● PROBLEM REQUIREMENTS: Skip every picture, then write out exactly the lines of the listing below from the line that contains "L&#039;Oréal Paris Studio" through the final line.

● DATASET EXTRACT:
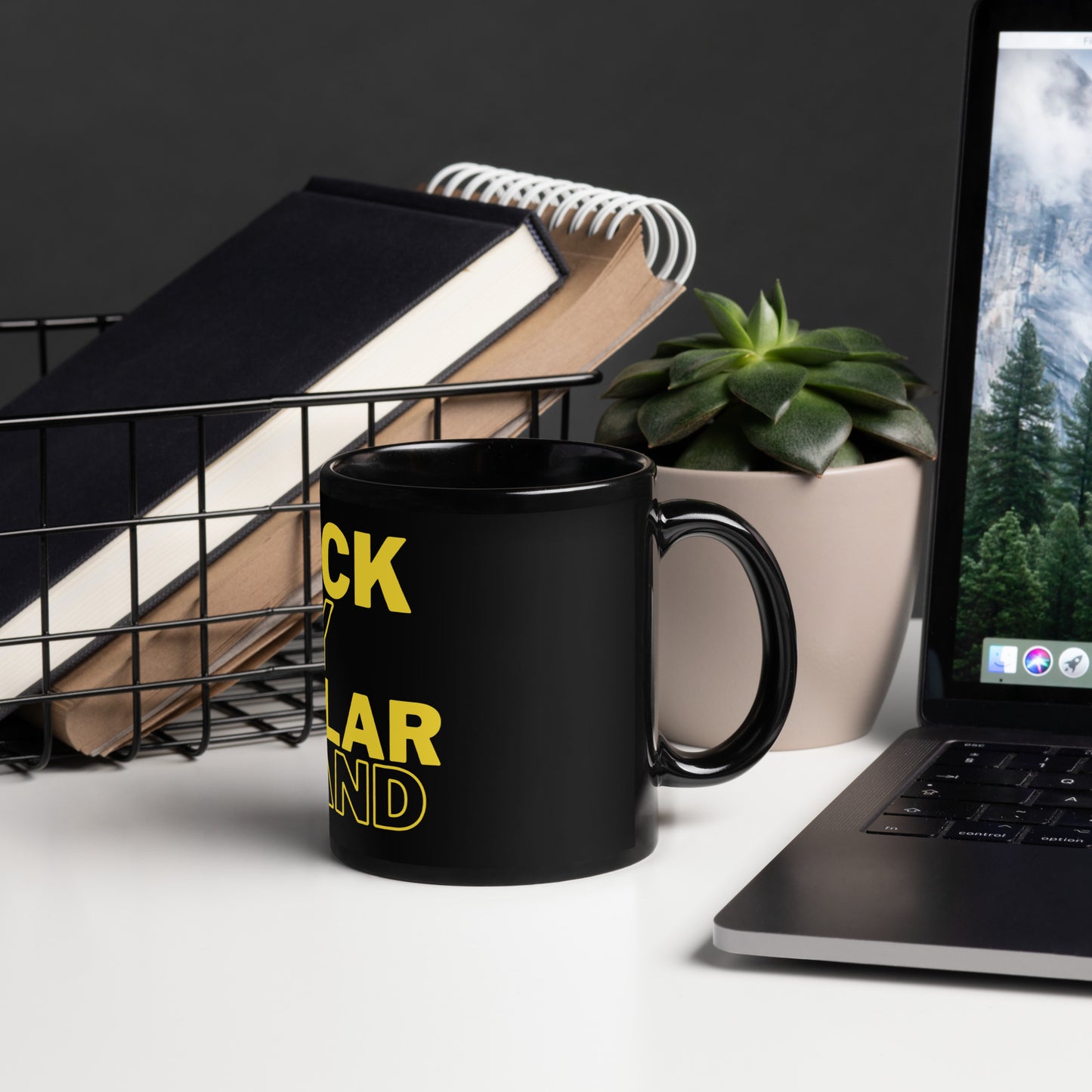 Black By Popular Demand - Black Glossy Mug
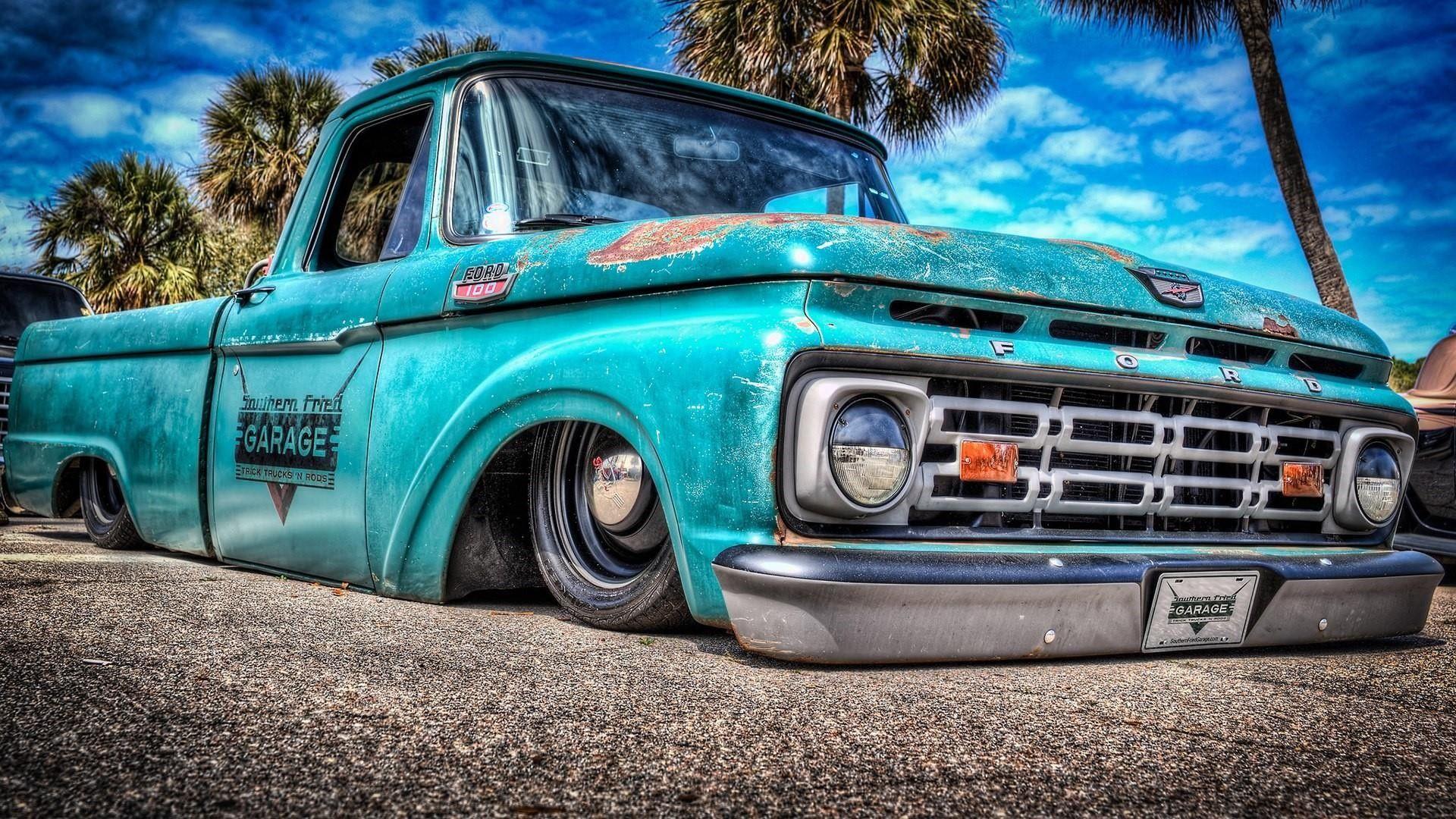 1920x1080 Old Ford Truck Wallpaper
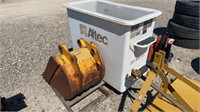 24" Backhoe Bucket & Altec Basket for Bucket Truck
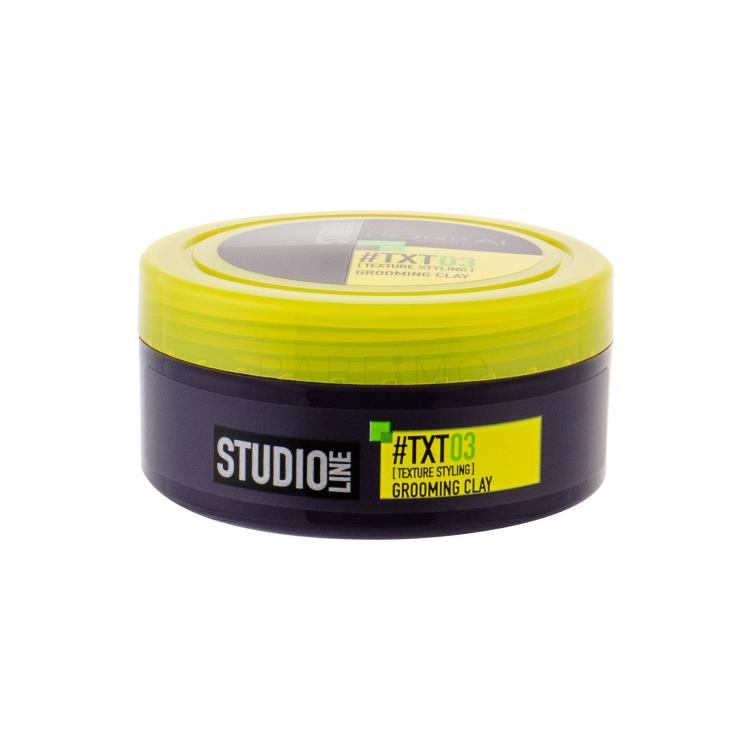 L&#039;Oréal Paris Studio Line TXT 03 Grooming Clay Cera per capelli uomo 75 ml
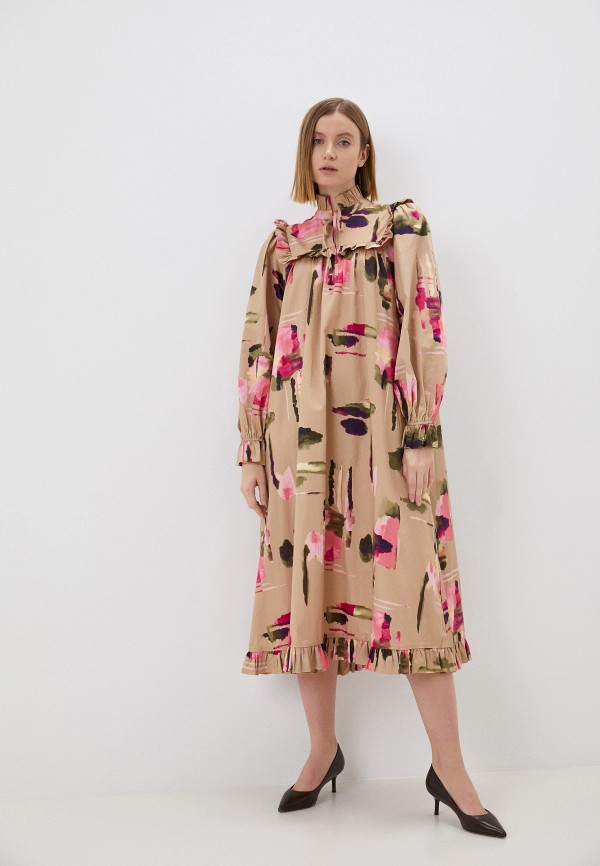 

Платье Selected Femme, Бежевый, Selected Femme RTLABA504101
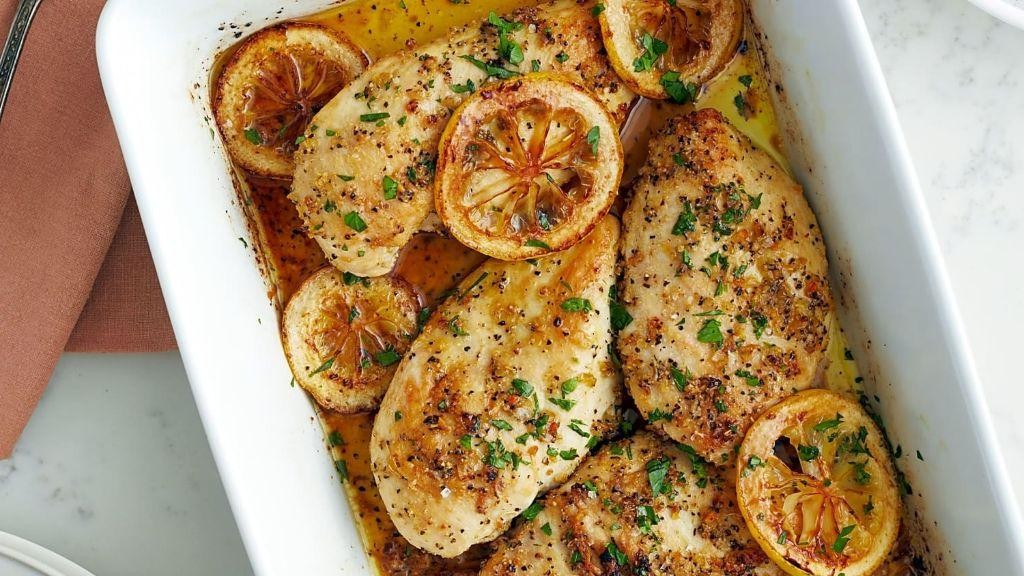 Lemon Pepper Baked Chicken Breast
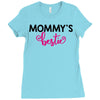 mommy's bestie Ladies Fitted T-Shirt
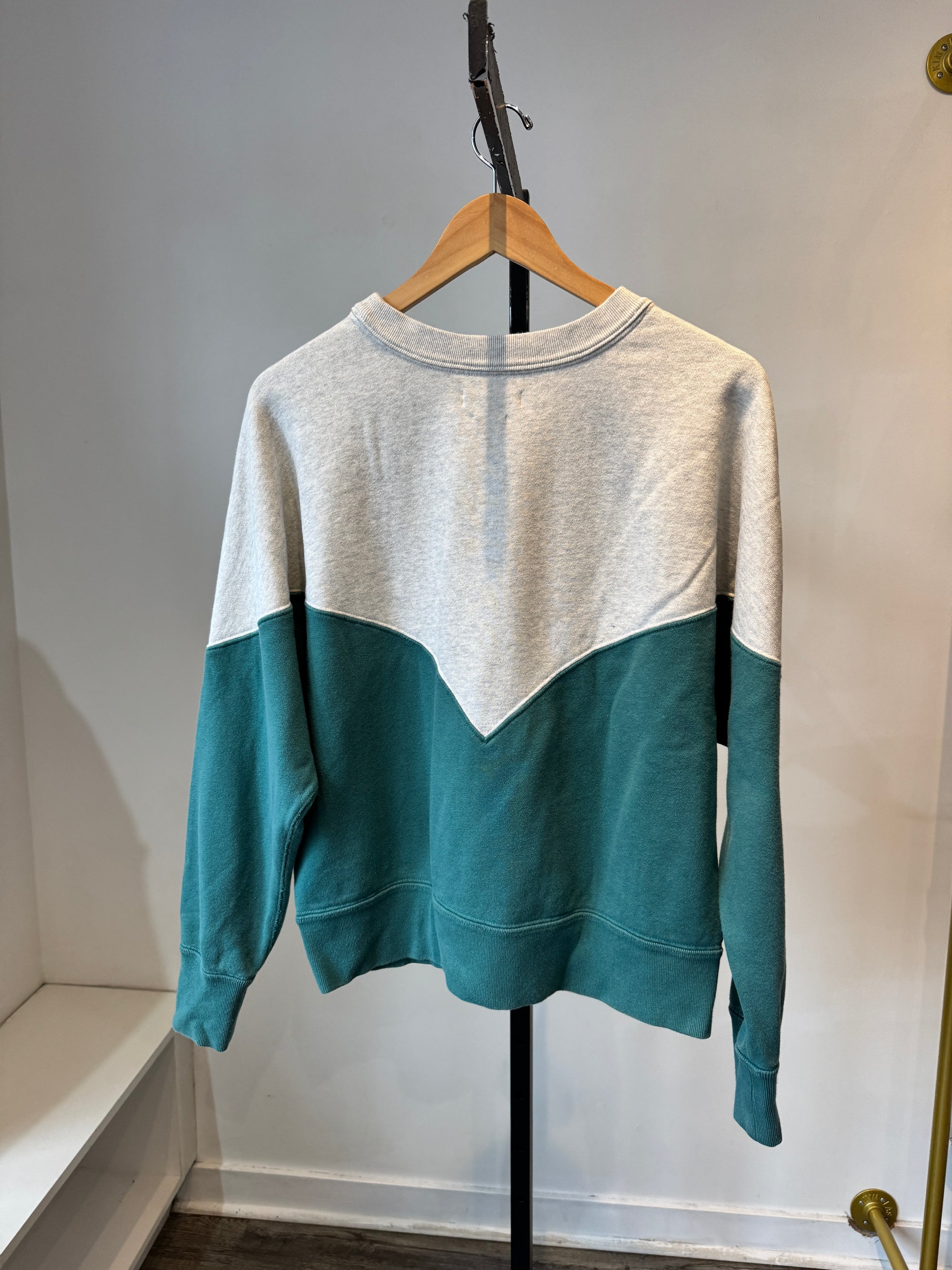 Isabel Marant Houston Sweatshirt, Grey, Green, 36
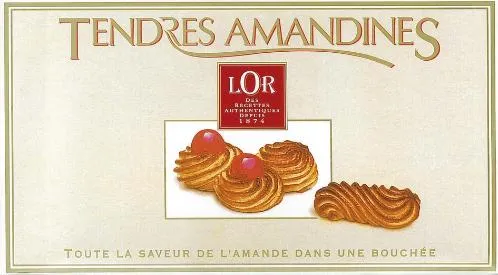 Tendres Amandes L Or Des Recettes Authentiques Depuis 1974 Toute La Saveur De L Amande Dans Une Bouchee est une marque déposée par CONFISERIE DU TECH SA
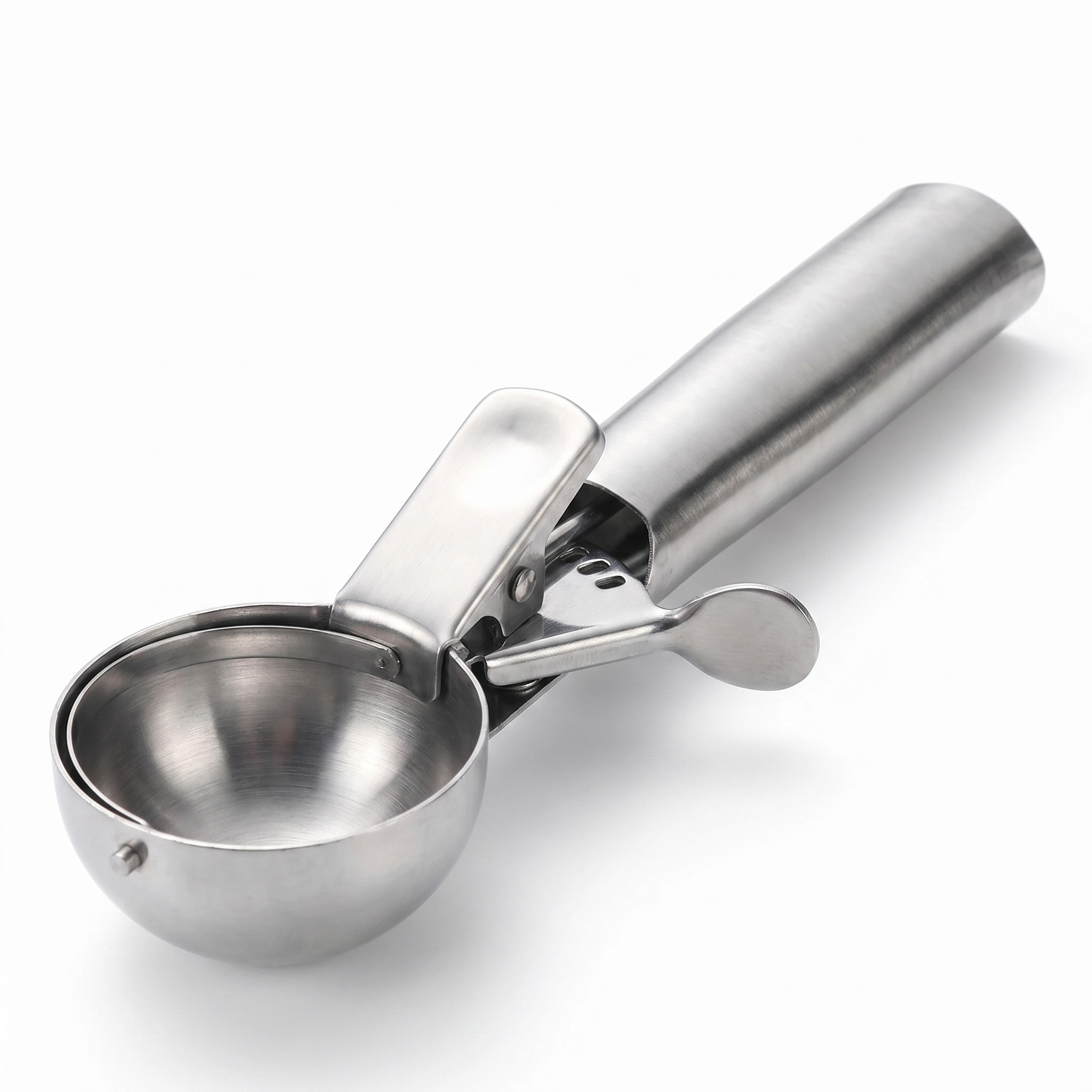 Stainless Steel Ice Cream Scoop with Trigger Release & Grip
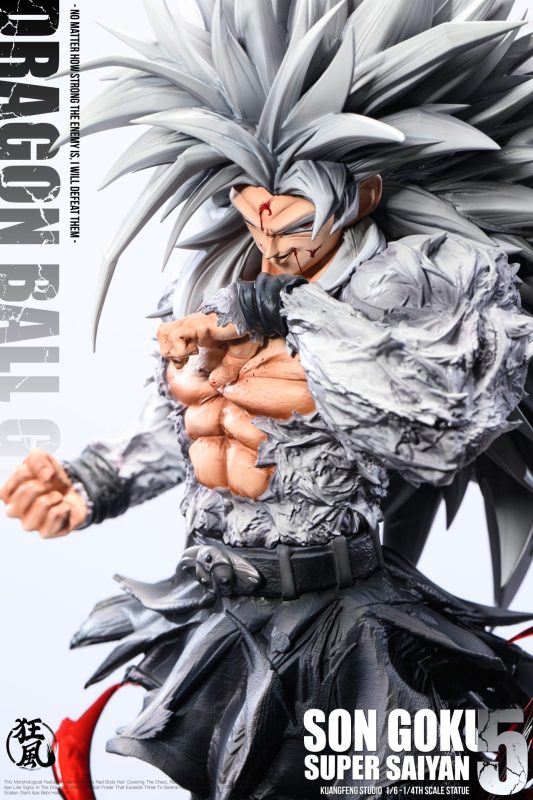 【Pre-order】Kuangfeng Studio 1/4 Scale SSJ4 SSJ5 Son Gokuh Resin Statue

● RESPONSE:
 L&#039;Oréal Paris Studio Line TXT 03 Grooming Clay Cera per capelli uomo 75 ml

Платье Selected Femme, Бежевый, Selected Femme RTLABA504101
 Lemon Pepper Baked Chicken Breast
 mommy's bestie Ladies Fitted T-Shirt
 Isabel Marant Houston Sweatshirt, Grey, Green, 36
 Tendres Amandes L Or Des Recettes Authentiques Depuis 1974 Toute La Saveur De L Amande Dans Une Bouchee est une marque déposée par CONFISERIE DU TECH SA
 Stainless Steel Ice Cream Scoop with Trigger Release & Grip
 【Pre-order】Kuangfeng Studio 1/4 Scale SSJ4 SSJ5 Son Gokuh Resin Statue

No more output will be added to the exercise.